DMOZ Submission Review Delays and Automating "Community" Approvals

Forum Moderators: open

Message Too Old, No Replies

DMOZ Submission Review Delays and Automating "Community" Approvals

Going forward would it make sense to change the system?

Webwork

5:37 pm on Dec 10, 2006 (gmt 0)

One of the consistent gripes that has appeared in this forum takes the form of "I applied months ago . . . "

There is always an explanation or response.

Yet, I pause to wonder: Is there the possibility of a better way of processing submissions AND is that better way going to be programmed into the new (hopefully) release of the ODP?

Why not default submissions to approval and listing after 60-90 days?

Why not allow default listings to appear, after that time, with a marking that it "has not been reviewed"?

Why not allow "approved at large reviewers" to vote on default listings, which will automatically throw them back into the queue if enough at large reviews confirm that either a) the website is NOT what it purports to be; or, b) it doesn't fit in the category?

Isn't it time to move towards a Web 2.0 model of listings?

Webwork

5:28 pm on Dec 12, 2006 (gmt 0)

I envision a model where submissions are tagged with the identity of the submitter and that, as the community votes to 'upstream' the submission, the count number of upstreamed and approved submissions begins to add 'movement weight' to the initial submitter's ability to 'forward' (expedite) future submissions. The essential 'voting on the voter' model, the granting of authority by the community by their agreements with the initiator's votes. Such authority can be lost or put on hold, too, by evidence of either loss of judgment or corruption. It's simply the real world of election-appointment-authority-impeachment modeled by software and applied and monitored in real-time. Somewhat likely daily elections. (Before we throw out Congress you might want to ponder some of the historical reasons cited by the founders for building in certain inefficiencies.)

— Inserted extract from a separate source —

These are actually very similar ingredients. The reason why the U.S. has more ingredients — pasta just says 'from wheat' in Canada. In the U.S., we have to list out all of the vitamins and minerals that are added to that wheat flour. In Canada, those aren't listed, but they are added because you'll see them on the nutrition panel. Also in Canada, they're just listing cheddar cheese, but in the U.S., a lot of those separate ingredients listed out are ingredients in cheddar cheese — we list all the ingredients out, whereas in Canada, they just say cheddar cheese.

A modified version of 'Digging', applied to the accretion of entries to a directory?

Perhaps the overseers need to remain in place, perpetually or at least until the algorithm / process is fine tuned, but at a certain point one would think that whatever the mental or judgment process is that the overseers now apply that process could be modeled by an application/software - only to run better in the sense that allowing the editorial process to scale to tens of thousands of realtime participant-editors might a) speed up the submission-review-acceptance-listing process; b) democratize the setting of standards of value (a website might get listed but it's appearance might reflect a scaled community value judgment, one that is subject to change since websites change); c) other benefits?

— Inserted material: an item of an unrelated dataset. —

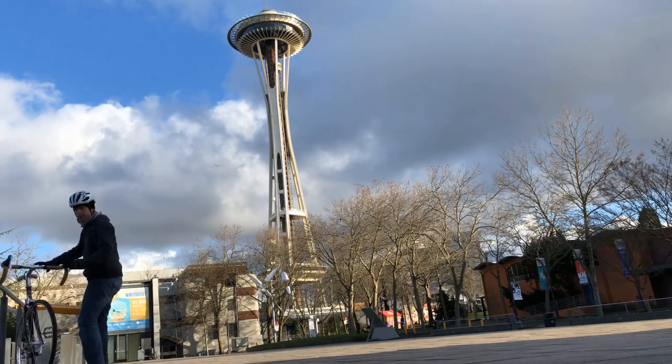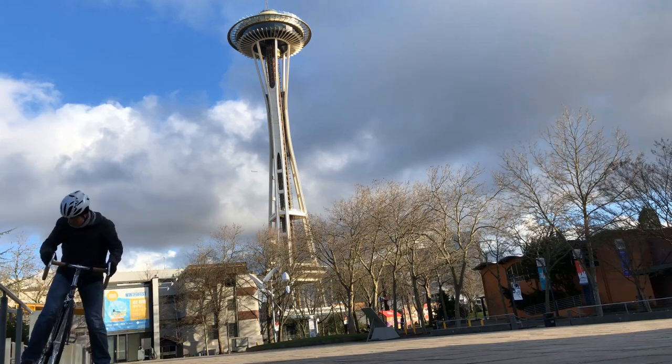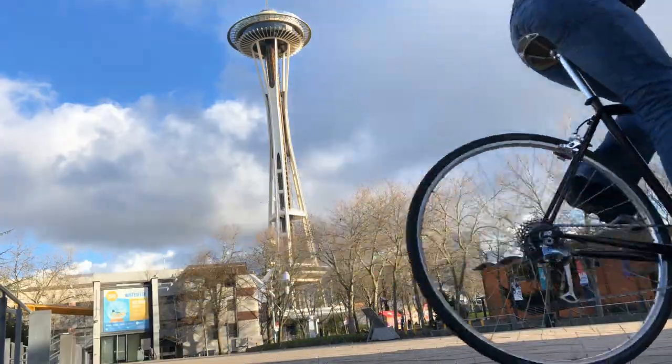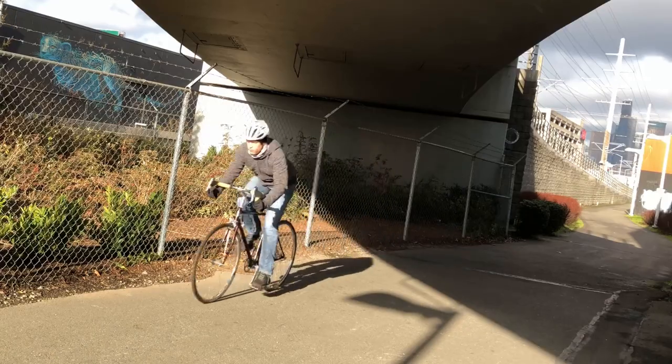I built this bike for one purpose: getting around Seattle. It needed to be durable, comfortable enough to ride all day, and not too slow rolling on pavement.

As stated earlier: The objective of this thread is not to end the conversation with the statement "the system is broken". No, the system works - as is - to whatever degree the users judge it to work and, obviously, in a manner acceptable to those who have a say in mainting or changing the status quo. However, the mere fact that a majority of control says "No, it's good enough" isn't the end, especially in the context of an open source or GNU data source.

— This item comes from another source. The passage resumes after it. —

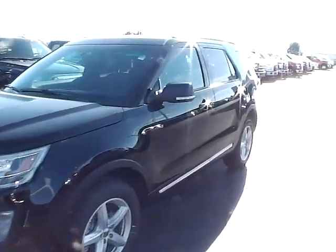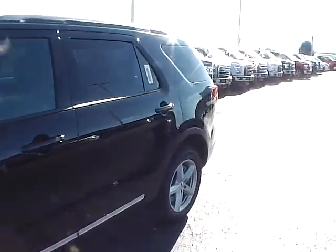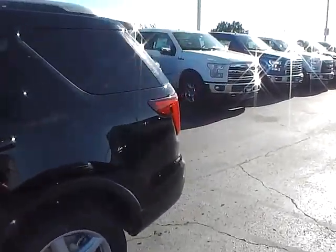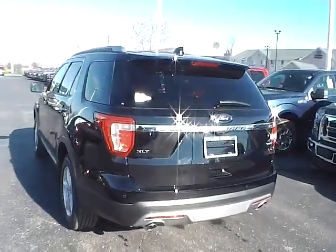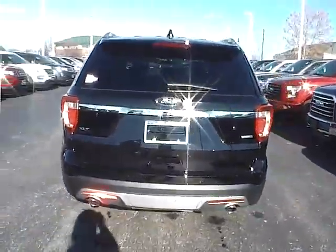Today we've got a 2016 Ford Explorer XLT with four-wheel drive, with a shadow black exterior and an ebony black interior. 3.5-liter six-cylinder engine with an automatic transmission.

I am certain that the existing model will and can survive - as is - so long as there are editors willing to participate in the 'as is' model. However, somewhere in the world, there may be those who are working right now on a democratized or open-to-the-public-open-source version of the ODP, where submissions and approvals will be handled in the manner roughly outlined so far.

Might it be better for the existing overseers to at least run an experiment of a new submission-approval model, as a parallel process to the existing version of the ODP process, or at least as an experiment to be applied to some section of the ODP? Not my call. I'm just opening a dialogue with the idea that there might be some merit to testing the community editing process for a directory.

Experimenting - trying on evolution - while it holds the possibility of extinction or threat to the procedural and control status quo, actually not smell of death but of new procedural-control "life" springing from old.

But who ever said risking death (of authority or control) or letting go was easy? ;0)

Besides, maybe we cannot trust the greater good of the greater community. Maybe the spammers outnumber the masses?

We are borgspam? We are all spammers at heart?

[edited by: Webwork at 6:40 pm (utc) on Dec. 12, 2006]

hutcheson

5:36 pm on Dec 12, 2006 (gmt 0)

The capcha "solution" keeps coming up, but it's a solution to a problem we don't have.

No doubt, it's very good for keeping bots out of forms on low-to-medium-visibility websites.

For high-visibility sites, there is a high motivation for the botmakers to break capcha--and in this as in all other areas, automated attackers have an inherent advantage over visible automated defenses. And the ODP is a high-visibility site.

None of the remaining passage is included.